At the same time, huge deficits are projected for other pans of the world. Africa, notably, is expected to need 250 million tons of grain by 2030 - 10 times what it currently imports. The Indian subcontinent is likely to rack up a deficit several times larger than its present one. Scores of countries with rapid population growth - among them Iran, Egypt, Ethiopia, Nigeria, and Mexico - will find themselves facing huge food deficits in the years ahead. In these circumstances, the vast deficit projected for China will set up a fierce competition for limited exportable supplies, driving world grain prices far above familiar levels.

No one knows exactly when this competition among importing countries will develop, converting the world grain market from a buyer's to a seller's market. If China turns to the outside world for imports, as projected, rising food prices will forcibly curb demand for food worldwide - reducing consumption among rich and poor alike. For the former, this will mean fewer fat-rich livestock products and, happily, less cardiovascular disease. But for hundreds of millions of low-income rural landless and urban poor, it means tightening their belts where there are no notches left.

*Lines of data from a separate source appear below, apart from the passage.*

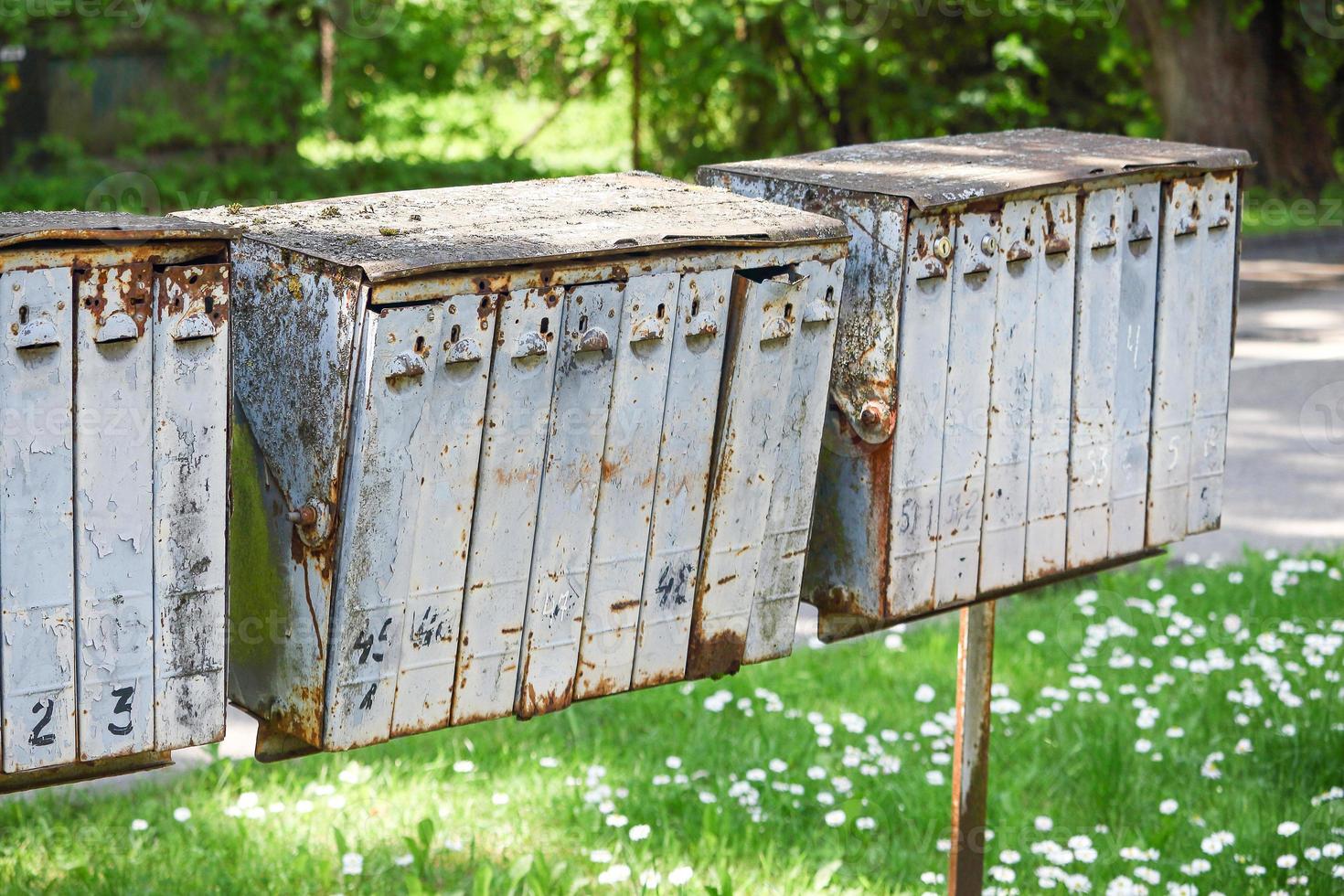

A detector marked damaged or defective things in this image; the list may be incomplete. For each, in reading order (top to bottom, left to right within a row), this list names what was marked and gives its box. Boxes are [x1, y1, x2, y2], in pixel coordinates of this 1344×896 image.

rusty metal mailbox [0, 212, 230, 789]
rusty metal mailbox [187, 173, 849, 757]
rusty pole [945, 602, 999, 896]
rusty metal mailbox [699, 129, 1253, 642]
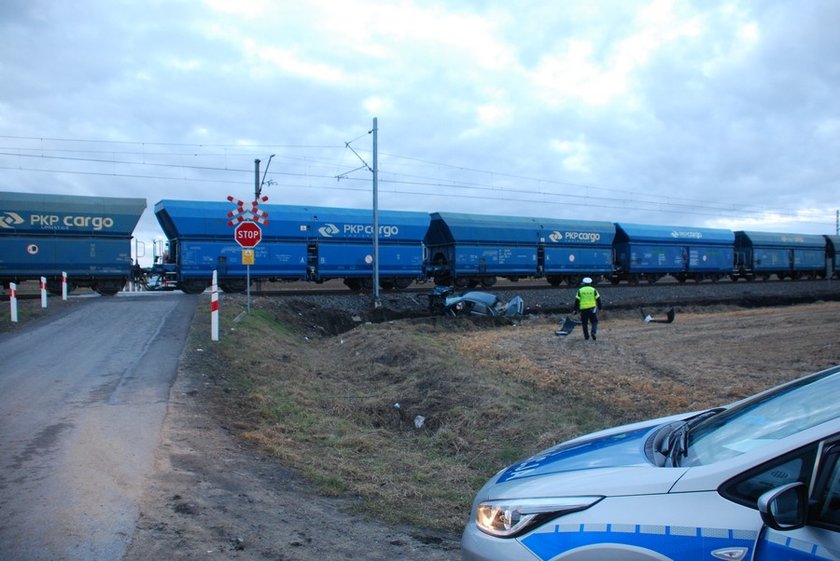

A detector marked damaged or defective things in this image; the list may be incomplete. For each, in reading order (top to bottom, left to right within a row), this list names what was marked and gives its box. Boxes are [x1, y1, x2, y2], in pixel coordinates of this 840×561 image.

crushed car wreck [430, 286, 520, 318]
wrecked car [430, 286, 520, 318]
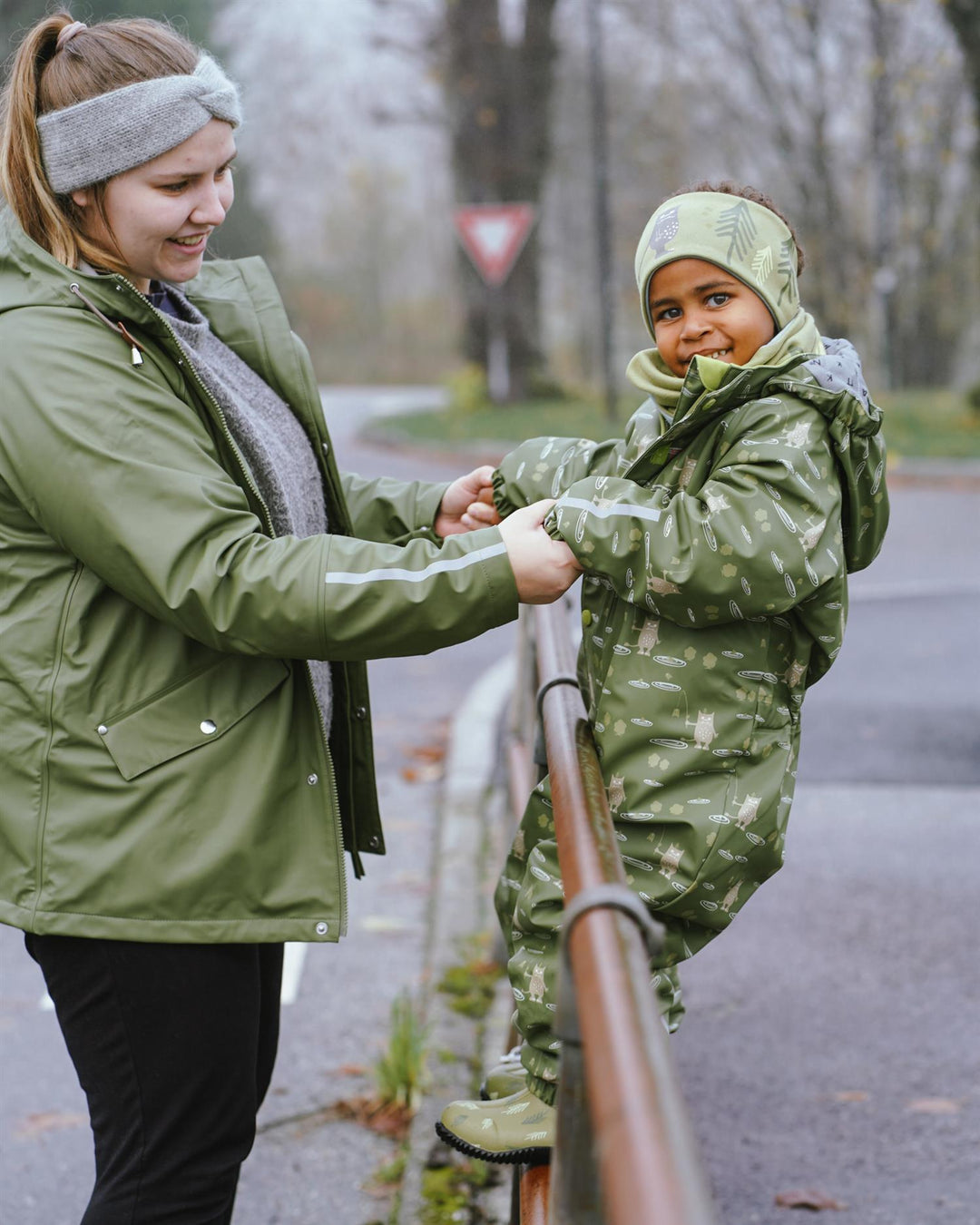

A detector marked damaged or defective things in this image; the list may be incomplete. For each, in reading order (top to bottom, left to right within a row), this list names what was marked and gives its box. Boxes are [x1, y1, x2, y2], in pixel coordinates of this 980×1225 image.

brown rusty railing [502, 603, 715, 1225]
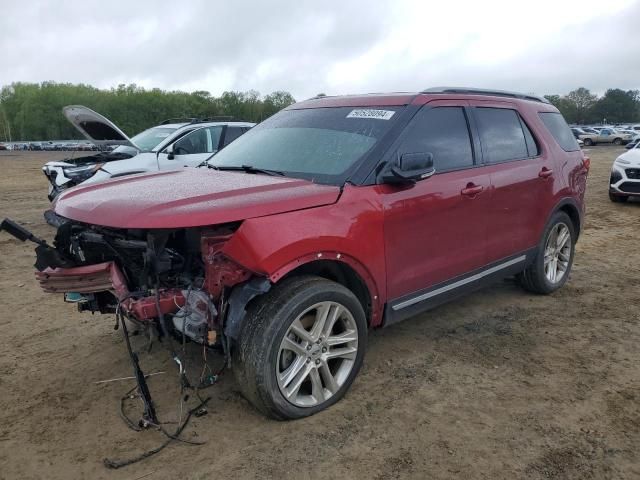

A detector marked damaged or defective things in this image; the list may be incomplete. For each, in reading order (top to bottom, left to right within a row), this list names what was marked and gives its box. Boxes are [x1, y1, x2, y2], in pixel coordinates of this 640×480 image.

damaged red suv [1, 88, 592, 418]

Acute food scarcity and the associated political instability could bring the Chinese economic miracle to a premature end. At a minimum, this prospective deficit in China will force other governments - however reluctantly - to reassess painstakingly their national population carrying capacity and the closely related questions of population and consumption policies.

The bottom line is that when China turns to world markets on an ongoing basis, its food scarcity will become everyone's scarcity. Its shortages of cropland and water will become the world's shortages. Its failure to check population growth soon enough will affect the entire world.

It will probably not be in the devastation of poverty-stricken Somalia or Haiti but in the booming economy of China that we will see the inevitable collision between expanding human demand for food and the limits of some of the earth's most basic natural systems. The shock waves from this collision will reverberate throughout the world economy with consequences we can only begin to foresee.